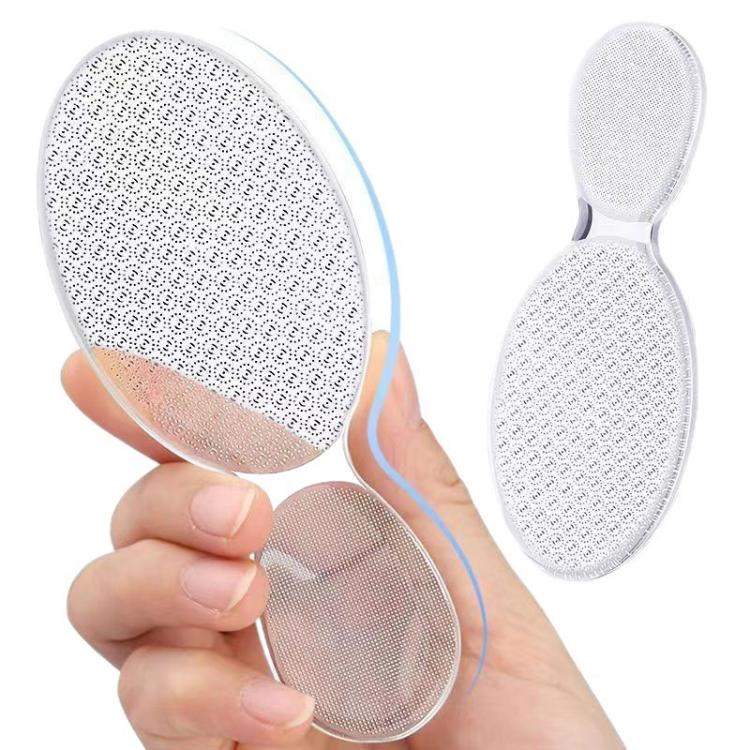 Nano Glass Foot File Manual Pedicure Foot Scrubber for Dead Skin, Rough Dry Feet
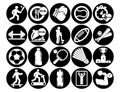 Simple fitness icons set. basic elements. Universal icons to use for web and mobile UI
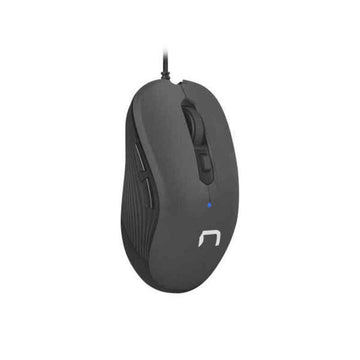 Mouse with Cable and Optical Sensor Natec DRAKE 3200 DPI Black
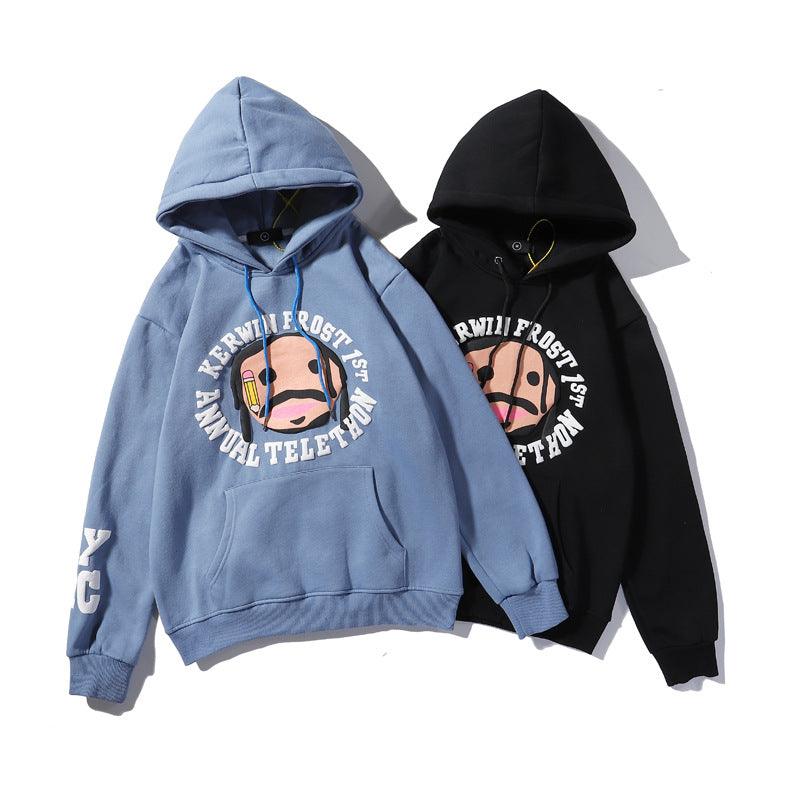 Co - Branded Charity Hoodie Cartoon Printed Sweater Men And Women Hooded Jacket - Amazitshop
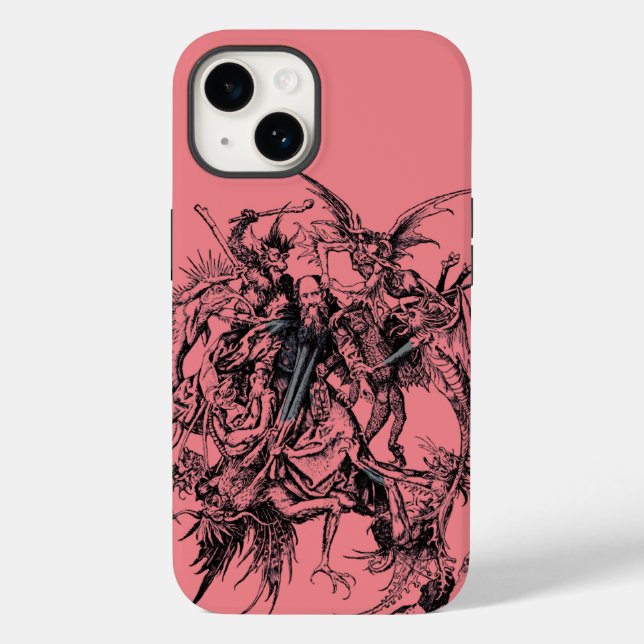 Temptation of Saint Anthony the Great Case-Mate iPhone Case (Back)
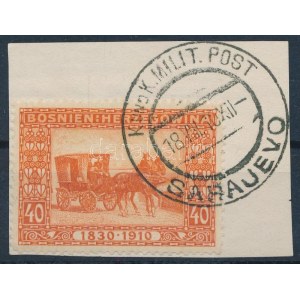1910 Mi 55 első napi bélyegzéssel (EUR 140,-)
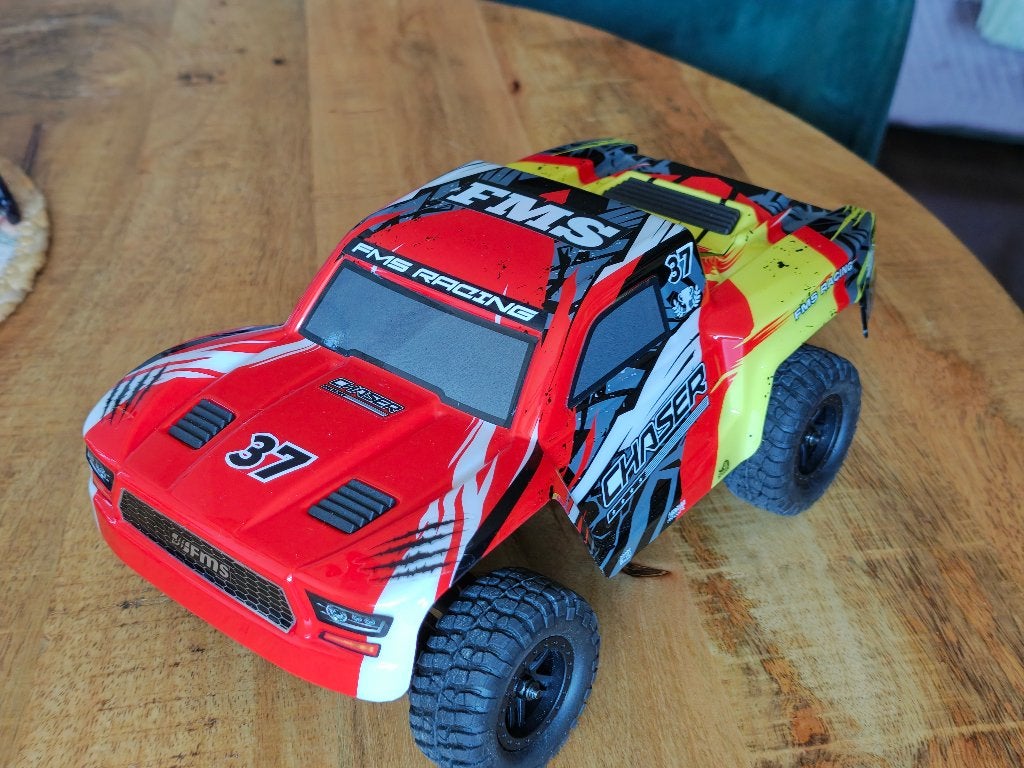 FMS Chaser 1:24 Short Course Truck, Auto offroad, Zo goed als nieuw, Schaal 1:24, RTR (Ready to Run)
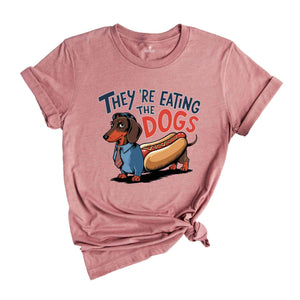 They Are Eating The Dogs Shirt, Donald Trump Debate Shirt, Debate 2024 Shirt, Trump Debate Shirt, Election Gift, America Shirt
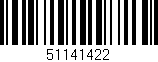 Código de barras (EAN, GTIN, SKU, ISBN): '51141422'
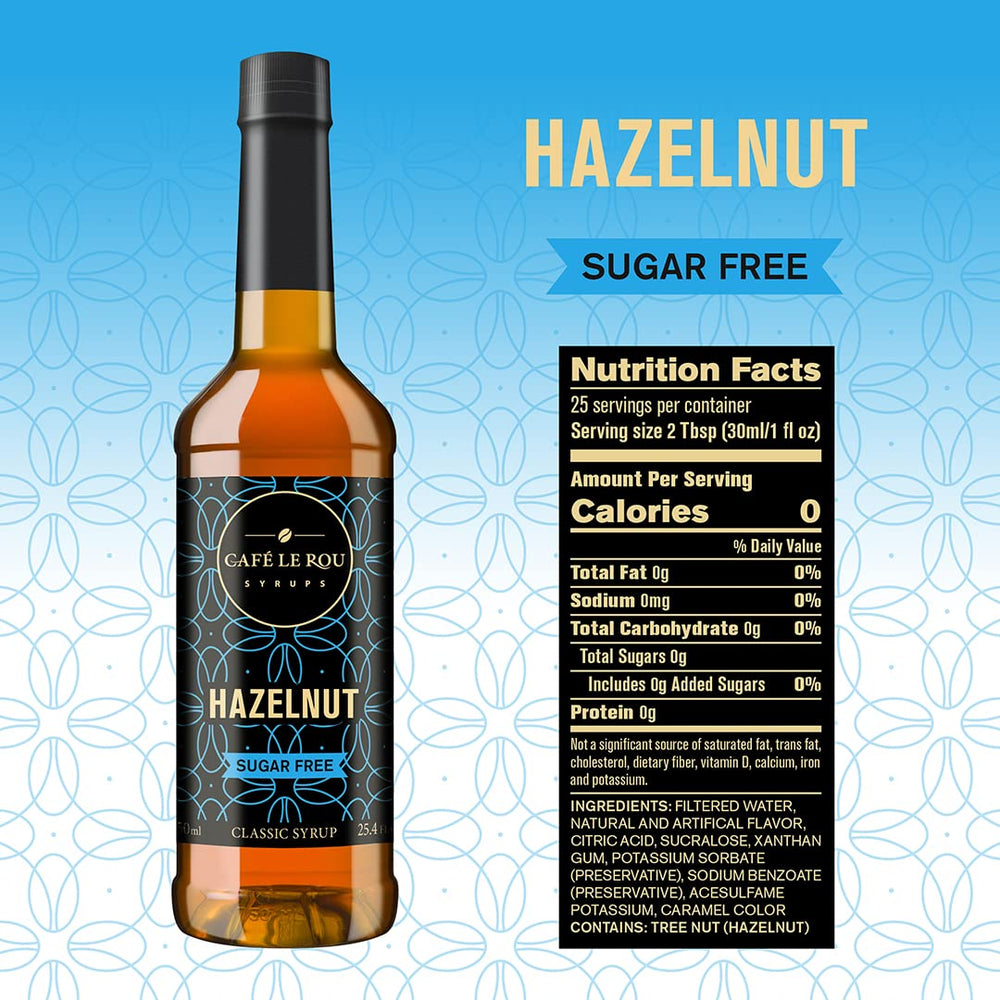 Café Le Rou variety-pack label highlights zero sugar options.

-=-=-=-=-

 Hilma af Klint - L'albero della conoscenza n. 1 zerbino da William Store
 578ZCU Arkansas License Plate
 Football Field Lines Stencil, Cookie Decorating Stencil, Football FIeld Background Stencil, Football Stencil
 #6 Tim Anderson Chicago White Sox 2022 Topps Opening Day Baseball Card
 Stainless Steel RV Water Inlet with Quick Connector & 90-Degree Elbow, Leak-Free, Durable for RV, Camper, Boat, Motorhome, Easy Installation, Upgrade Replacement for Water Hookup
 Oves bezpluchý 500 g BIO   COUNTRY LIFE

-=-=-=-=-

_Work to be completed_. Copy exactly the lines of the entries above from the one containing "Simple fitness icons" through the one containing "Café Le Rou". Both end lines count; pictures do not.

_Answer below_.
 Simple fitness icons set. basic elements. Universal icons to use for web and mobile UI
 Mouse with Cable and Optical Sensor Natec DRAKE 3200 DPI Black
 Co - Branded Charity Hoodie Cartoon Printed Sweater Men And Women Hooded Jacket - Amazitshop
 Temptation of Saint Anthony the Great Case-Mate iPhone Case (Back)
1910 Mi 55 első napi bélyegzéssel (EUR 140,-)
 FMS Chaser 1:24 Short Course Truck, Auto offroad, Zo goed als nieuw, Schaal 1:24, RTR (Ready to Run)
 They Are Eating The Dogs Shirt, Donald Trump Debate Shirt, Debate 2024 Shirt, Trump Debate Shirt, Election Gift, America Shirt
 Código de barras (EAN, GTIN, SKU, ISBN): '51141422'
 Café Le Rou variety-pack label highlights zero sugar options.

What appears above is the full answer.